Posted on December 21, 2016 at 3:37 pm
“Hidden Figures,” the true story of African-American women mathematicians at NASA during the 1960’s is one of the most uplifting films of the year. Its score is composed by by Hollywood legend Hans Zimmer with Benjamin Wallfisch and the best pop producer in the business and one of the most popular performers as well, Pharrell Williams, who told me “I’m lucky to be a part of this film.” Even before he got involved, Williams had begun to experiment with some 60’s-inspired compositions. “I grew up around that kind of music because I was born 11 years later. So I used to hear it around the house, my parents played it and at my grandmother’s house too, I used to hear the music. That’s a very crazy time, but it felt good and it was all music that evoked, music that came from the soul and that’s why they call it soul music. It was like you could just feel the core of where someone was coming from.” He used a mix of old and new instruments to create the sound.
Williams has worked with a wide range of musicians and performers. “Collaborating allows me to channel and learn new ways of working, new ways of thinking, new directions. This is all an education. Life is an education, so every time I collaborate with somebody it’s like a crash course into the way that they work, into this new moment that we are sharing and into uncharted territories.”
He told me what he learned from Zimmer and Wallfisch about writing music to complement a story. “Hans always likes to find the poetry in a script and then he likes to parallel it with the score.
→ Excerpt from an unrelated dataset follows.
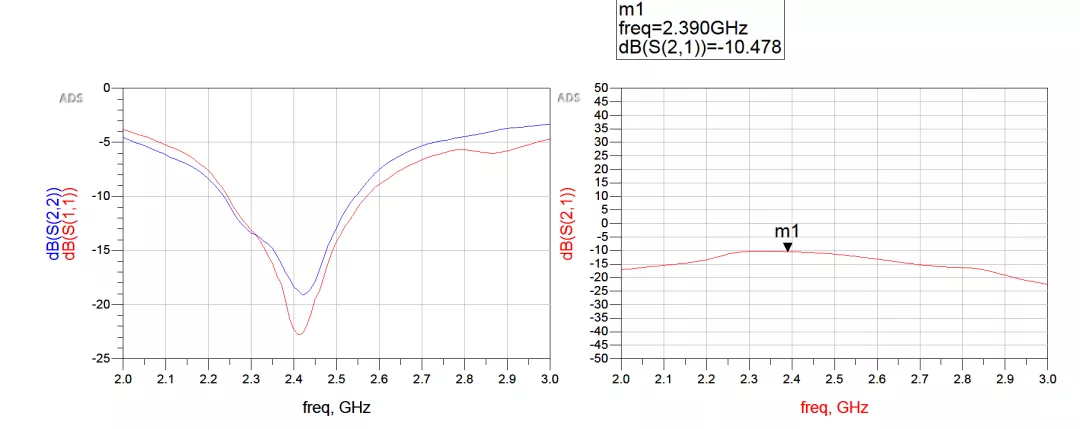 天線隔離度都有哪些問題需要我們關(guān)注？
And Ben is like a seeker of tenderness. I like to stoke the fires and try and stimulate something. So it was like this really interesting trio in the way that we worked. It was a whole lot of fun. And ultimately we came to the conclusion that when you think about scores there’s always like the default go to, Euro/Anglo angle when composing a score so we thought well, these women were not Euro and they were not Anglo. They were African-American, they were women and it was the 1960s, so those were our coordinates. That’s what we locked in on and that’s what we tried to chase.” He said this might be the music they listened to as they were cooking and driving to work. “This music was meant to be the backdrop to the most important dialogue and the most important stories in its universe, in its world and so the music was never supposed to shine brighter than what was going on in the film because that was the most important part.” He said that does not mean creating the melodies differently but “you’ll know when it’s doing too much. I tried to pull the fire out of something first. Like in other words if you ask me do that then I have to go to that dial I have to dive deep on the four dimensional level and try to well up as much fire as I can and then I dial it down once I’ve got it.”